I consider myself to be a worldly woman; a woman who has had some experience with life in general and who isn't a naive. I'm not a little girl who's afraid of her own shadow, and I don't need a man - or anyone else - to look after me, I can do that quite adequately by myself.
However, until today I hadn't met anyone who made me want to scrub myself clean in the shower after being in their presence.
I had cause to call a maintenance man out. The cause isn't important, but the man who came out is the reason I'm writing this article; he's the one who caused me to feel gross.
This man is the creepiest, slimiest man I've ever met. Until I met him, I was slightly doubtful of women who reported men making them feel physically dirty just by looking at them. Now, however, I know exactly what they're talking about.
Ick.
I've seen him before, but my husband was home the last time he came out so I didn't have to deal with him. I got a slight 'eew, don't look at me' feeling from him, but I didn't really think too much of it because it happens from time to time. Today, though....this was a full-on gross-out slime-fest.
He's one of these people who, if you've done something, he's done it twice. If you got an 'A' grade, he got an 'A' plus. He acts as if he knows everything there is to know about pretty much everything - he is, in other words, an insufferable know-it-all.

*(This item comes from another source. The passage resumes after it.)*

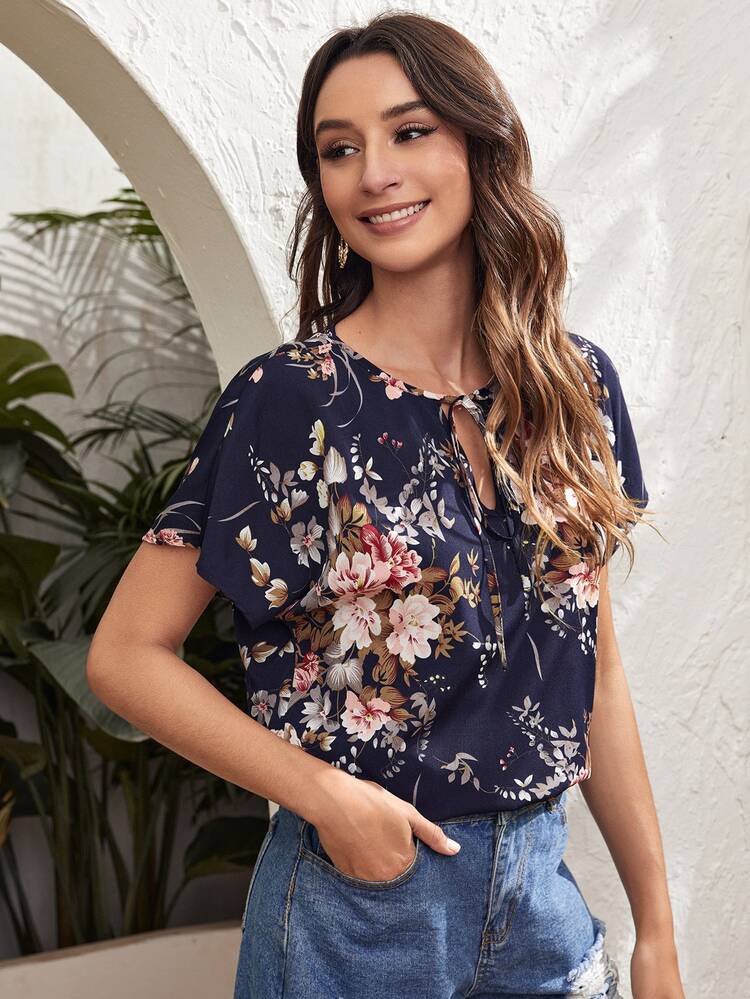 SHEIN Blusas Floral Bohemio - Azul Marino - Añade 3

But it's not his attitude that makes me feel dirty, and it's not his physical appearance either. He's overweight and untidy - a slob, in other words - and he's not handsome by a long shot, but none of those things are the cause of my reaction to him. I don't know exactly what it is that makes me feel the way I do, but I do know that he's the only man in my 38 years of being on this planet that has managed to make me want to take a shower after being in his presence.

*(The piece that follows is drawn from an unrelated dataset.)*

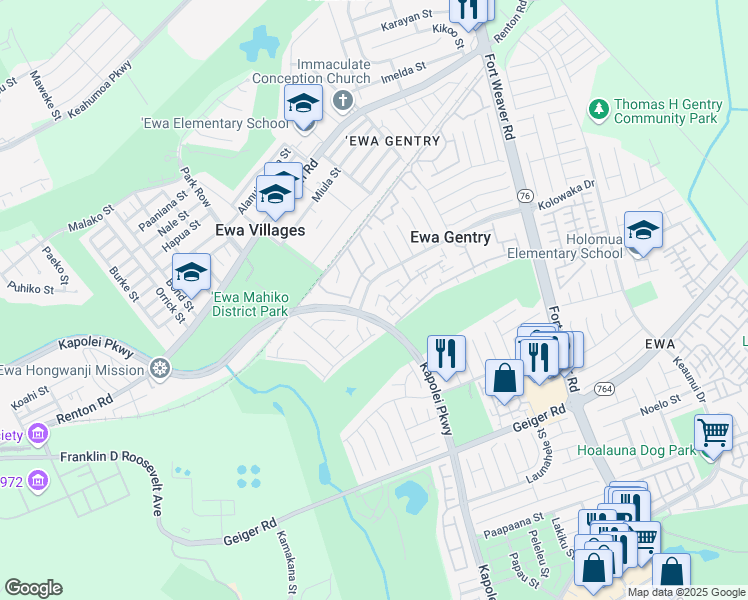 map of restaurants, bars, coffee shops, grocery stores, and more near 91-1022 Mikohu Street in Ewa Beach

The thought of him thinking about me - in ANY way - makes me shudder. I want to call him and tell him to erase any and all memories of me from his mind and under NO circumstances is he to use me as spank fodder. The thought of that nasty, fat, disgusting slob masturbating to thoughts of me makes me want to vomit.
Ick, again.
The thing is, I'm not scared of him. I didn't run and lock all the doors after he left, and I'm not going to insist on my husband being present should he have to come to our home again. He doesn't frighten me, he just makes me feel dirty and nasty and disgusting. I wish I knew why; if I knew the cause I might be able to do something about it.
As it is, I'm just going to have to shower after every maintenance call!